Non-owners have practiced the right not to be excluded from (i.e. to access) property where they claim a common stake through disobedience: intentional violations motivated by political goals of inclusion challenging the owner’s power to exclude.89 For example, the “Occupy movements” and their protests against the concentration of wealth in a few hands (e.g. Occupy Wall Street, Indignados Movement) have deployed the occupation of private and public property as politically motivated resistance. This strategy, deployed during the civil rights movements in the United States by sit-ins and occupations of segregated spaces (such as bus stops and restaurants), experimented with new forms of long-lasting direct collective care of spaces that might well be embryonic new institutions of the commons. Similarly, the spread of squatting in abandoned buildings and vacant apartments and their regeneration by collectives of occupiers must be interpreted as the satisfaction of legitimate needs and constitutionally guaranteed rights through (formally) illegal direct collective enforcement.90 There are many historical examples of such struggles, such as in Italy after the First World War when landless peasants invaded estates left uncultivated in order to take control of such idle means of production, and the contemporary struggles of Sem Terra in Brazil.

One has to consider that to non-owning members of the same ecological community (e.g. a city quarter or a countryside) property is only a source of obligations and duties, and that in any such community “any increase of property multiplies at the same time, in a more than proportional way, the non-property of others.”91 Collective access to property has often characterized the political agenda of social movements.92 The law has generally repressed but occasionally recognized such claims as “a conveyance driven by accesses” continuing nevertheless to ensure a framework of guarantees for the owner. This strategy has legitimized the “rule-exception” relationship between exclusion and access and has helped to keep the solution to the clash between owners and non-owners below the radar of property law.

Of course, these ex-post exceptional political mediations remain possible only as long as the public has the ability to implement redistributive interventions through measures that hit the strongest property-owning members of the stakeholders’ community. Today, the aforementioned change of power balance between government and big private interests makes it very difficult for the public sector (particularly the legislative and executive branches) to fulfill its traditional redistributive and mediating tasks. For this reason, the antagonism between owners and non-owners within the same ecological community needs to be addressed also by a decentralized system of choices made by courts (staffed with ecologically-literate judges) deciding between access and exclusion unbiased by the traditional default rules. In particular, the interest of the owner in excluding other members of the ecological community from his property must be aggressively second-guessed in the interest of long-term ecological equilibrium. A counter-hegemonic interpretation that intends to give new meanings to existing rules seems to require abandoning the paradigm of property as exclusion. Taking into account the ecological community, in which the life of the law unfolds, requires the introduction of elements of inclusion in the very structure of ownership, authorizing several forms of access, according to the characteristics of property. In this legal framework, access is not considered an exception, but a new general principle of property law. One must note that property postulates a necessary and unavoidable privative effect, such that the dimensions of having and not having are intimately connected. They cannot be separated in the development of a paradigm of generative property that seeks to tackle inequality and exploitation (both social and environmental).

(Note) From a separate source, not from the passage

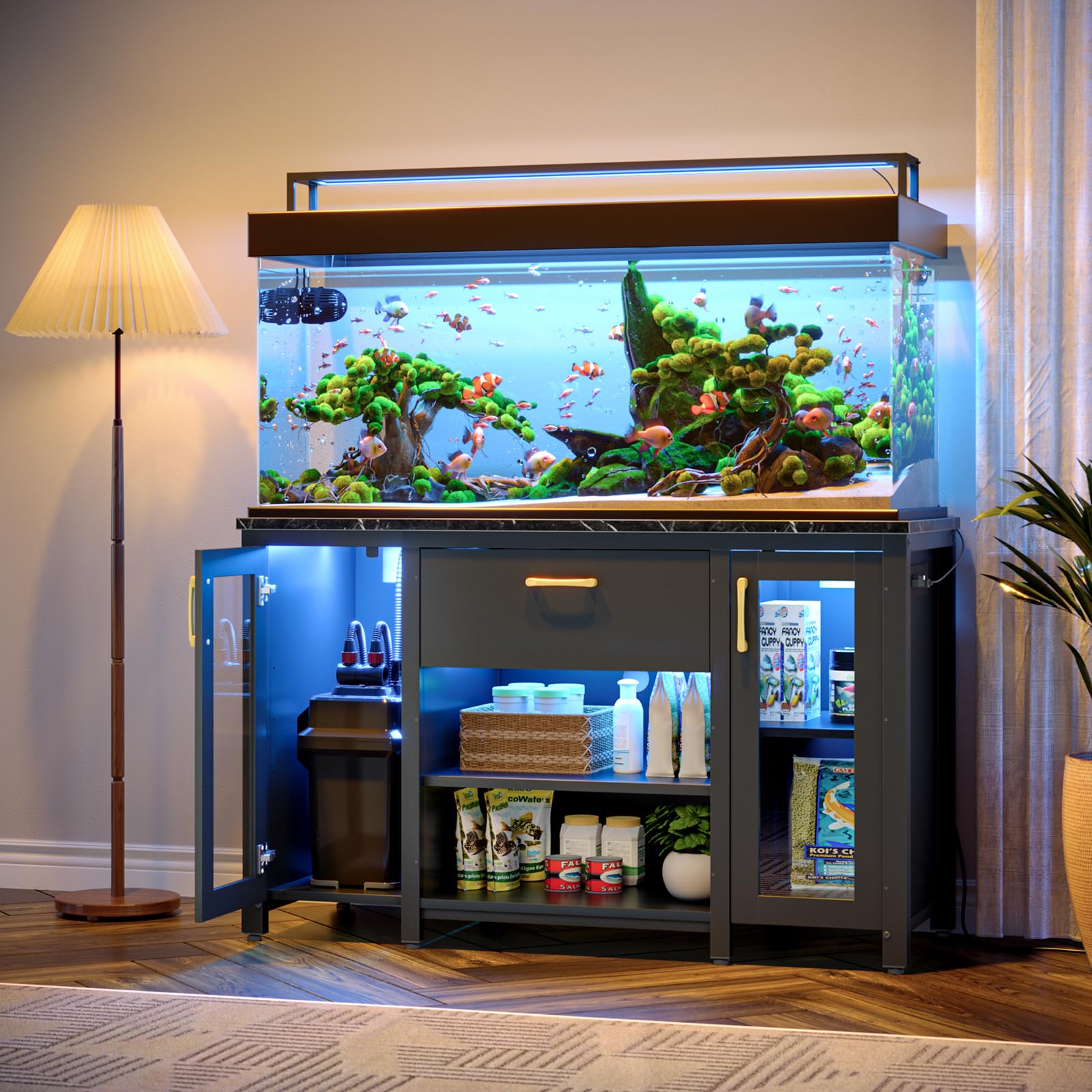 Bestier 55-75 Gallon Heavy Duty Aquarium Stand with Power Outlet & LED Light - 49.2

The interpretive ethos of property law should therefore limit the paradigm of exclusion where it is socially and ecologically desirable, while at the same time elaborating a new access-based paradigm of property on inclusive bases (i.e. allowing the analogical and extensive interpretation of provisions related to access).

History has proven that exclusion might be an important aspect in the generation of a sustainable ecological community. Individuals need space to be left alone for developing their personalities. Having is sometimes necessary for being. Hence, Scandinavian Allemansrätt allows exclusion from the immediate surroundings of a home in order to protect privacy. Even the most hospitable people might object if someone invited to dinner suddenly enters the bedroom without authorization. For this same reason, Soviet law always allowed and protected personal property, in spite of capitalist propaganda telling people that in communist countries one had to share the bedroom, the kitchen, and even the toothbrush! Today, exclusion is threatened by smart property and the so-called Internet of things that connects our electronic devices to the Internet allowing the producer of our smart phone, TV set, electronically controlled heater, or car to control our life remotely or to sell our data, as they own property.93 Property law should be able to exclude drones from flying close to our homes to spy on us, utility companies to install devices to measure remotely consumption if we are not certain of what they do with the data that they collect, or money lenders to install remote devices on cars we have purchased with the borrowed money that allow the lenders to switch the engine off if they believe we defaulted on a loan. Both exclusion and inclusion are necessary as principles in the toolkit of the property lawyer well equipped to face the challenges of a political system unbalanced in favor of private corporations. A correct balance between exclusion and inclusion is, however, not sufficient if disconnected from the legal construction of ecological communities, i.e. the kind of collective entities that the legal notion of the commons is supposed to construct beyond individualization.

15.    COMMONS

There is no recognized legal definition of the commons.94 There is, however, broad agreement among scholars that commons are neither private nor public. But the agreement stops there. According to some, the commons are resources (common pool resources) that are better managed collectively. According to others, they cannot be understood as an object, a portion of the material or immaterial space. In this latter perspective, commons are recognized as such by a community (what we called an ecological community) that engages in their management and care not only in its own interest but also in that of future generations.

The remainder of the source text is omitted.